By John Boyle
Wait, what’s that? Seahawks fans should be happy that the rival 49ers are in the NFC Championship Game? Well maybe Seattle fans won’t celebrate San Francisco’s win, but there is some good in that result for the Seahawks. Same with Baltimore’s win over Houston.
Time and time again, we’ve heard Pete Carroll preach the value of defense, running the football and winning the turnover battle. That formula led to some success for the Seahawks in the second half of the season, but even as the Seahawks were winning, people asked if that formula can work anymore in the now pass-happy NFL. Well with four teams remaining in the playoffs, there are two—New York and New England—that do rely heavily on the passing game, but the other two teams still standing, Baltimore and San Francisco, got this far using the same formula Carroll is trying to win with in Seattle.
Now this isn’t a perfect comparison. For one, Baltimore and San Francisco, by almost all measures, were better than Seattle on defense despite the huge strides the Seahawks made in this are. The 49ers also won last weekend because the offense was able to twice drive for go-ahead scores late in the fourth quarter, something the Seahawks couldn’t do all season. But the fact that Green Bay and New Orleans are done for the season while San Francisco and Baltimore are still playing does show that, even in an era of passing records, defense and a rushing game can work in the playoffs.
Consider the following:
The 49ers were a pedestrian 26th in total yards and 29th in passing yards, but had the 8th-best rushing total, and were stingy across the board on defense: 2nd in scoring D, 4th total D, 16th pass D, 1st run D, and the 49ers led the league in turnover ratio.

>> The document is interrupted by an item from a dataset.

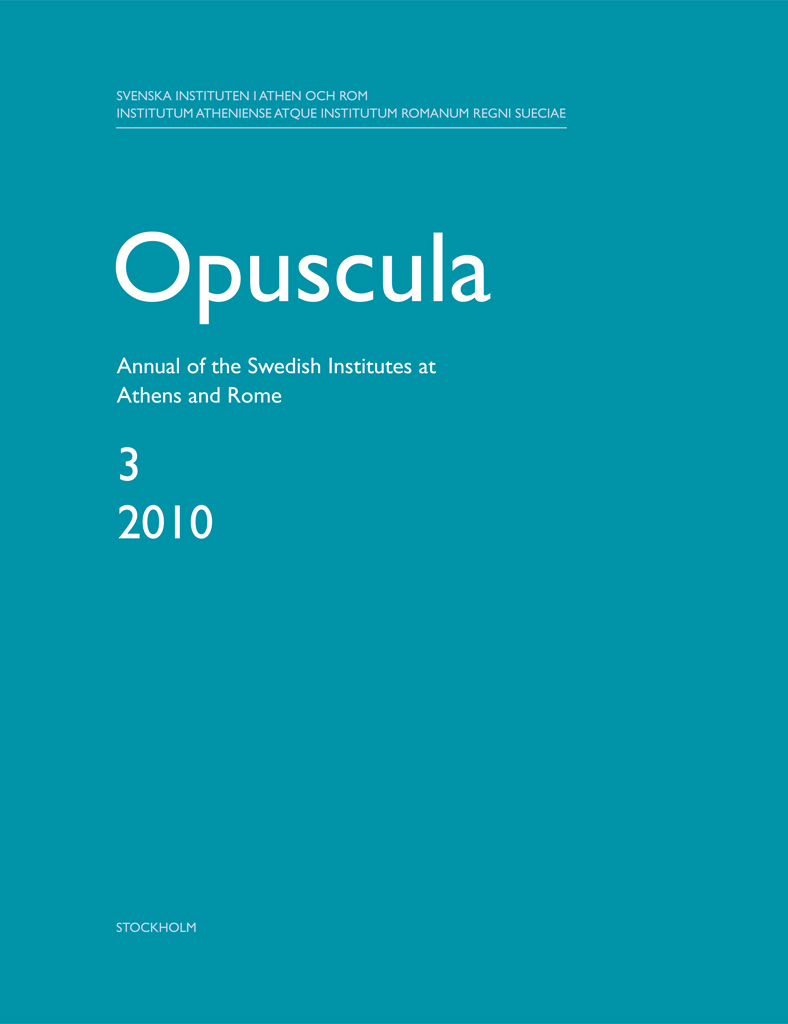 Front cover of Opuscula. Annual of the Swedish Institutes at Athens and Rome (OpAthRom) 3, Stockholm 2010. ISSN: 2000-0898. ISBN: 978-91-977798-2-1. Softcover, 224 pages.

The Ravens were also middle of the road in most offensive stats: 15th total offense, 12th scoring, 19th passing, 10th rushing. But they were 3rd in total defense and scoring D, 4th in passing D and 2nd against the run.
The Seahawks offense wasn’t particularly good, ranking 28th in yards, 23rd in scoring, 22nd in passing and 21st in the run game, but considering they were 31st in rushing offense through seven games, that number should be much better next year based on the growth we saw.
Defensively the Seahawks ranked 9th in total D, 7th in scoring, 11th against the pass and 15th against the run, while being 5th in turnover ratio. As young as Seattle’s defense is, there is no reason to think those numbers won’t improve next season. And based off what we’ve seen in these playoffs, good old-fashioned defense might just work in the playoffs after all.